On June 28, 2007, the Advocate General of the European Court of Justice (ECJ), Jan Mazak, called for the ECJ to dismiss claims brought by the European Commission that the term "Parmesan" cannot be used to describe some hard cheeses made in Germany. The European Commission brought the case against Germany to enforce a 1996 decision in favor of Italy that provided that "Parmesan" cheese could only be produced in the protected production zone in the provinces of Parma, Reggio Emilia and Modena in their entirety and portions of the provinces of Bologna and Mantua, and in accordance with strict production specifications.

Germany has consistently argued that only the term "Parmigiano Reggiano" is protected under EU legislation and that the use of "Parmesan", alone, or any translation of that word, has become generic and not capable of being protected.
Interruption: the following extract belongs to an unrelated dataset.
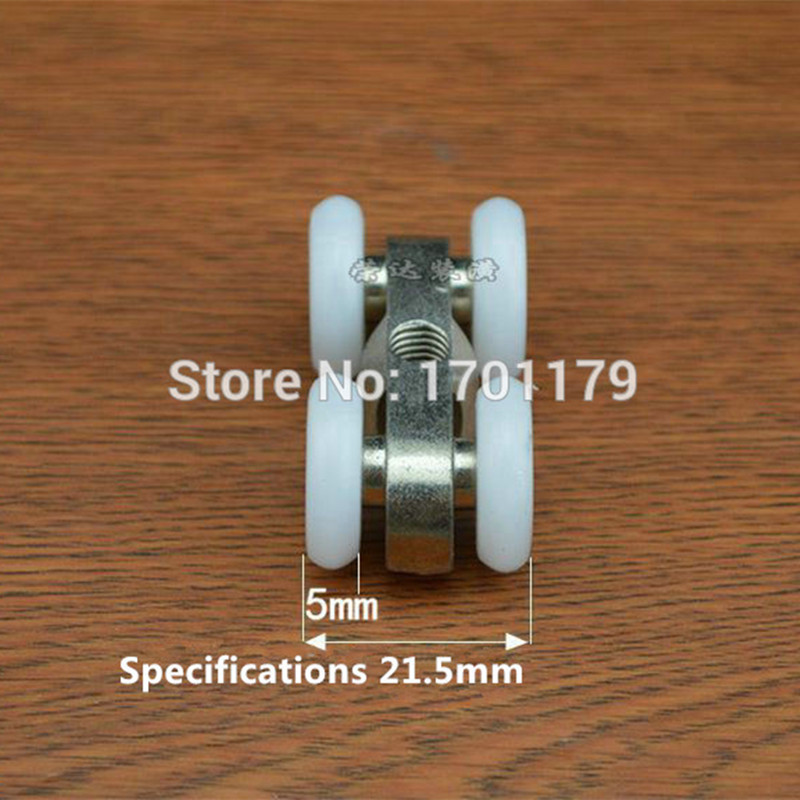 Shower glass sliding door fittings hanging small pulley wheel hanging conventional four-track roller wheel pulley - Special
Germany also argues that even if "Parmigiano" on its own is protected that "Parmesan" is a different word which has become generic in Germany and elsewhere in the EU.

The decision could set an important precedent for other disputes over the geographical indications (GI) system, adopted by the European Union (EU) to restrict the manufacture of certain products to geographical areas or methods needed to preserve quality. The GI system is broken down into classifications on protected designations of origin (PDO) such as Roquefort cheese, protected geographical indication (PGI) such as Neucastle Brown Ale, and traditional specialty guaranteed (TSG) food and drink products.

Advocate General Mazak concluded that Germany had failed to provide sufficient evidence that "Parmesan" has become a generic term for hard cheese. Nevertheless, the Advocate General rejected the Commission's claim that Germany had violated EU regulations by formally refusing to prosecute companies for using the designation "Parmesan" on cheese not complying with the PDO requirements for "Parmigiano Reggiano." Rather, Mazak concluded that the EU regulation lacks any such requirement to prosecute.

The ECJ, which usually follows the determinations of the Advocate General, will decide the issue once and for all later this year.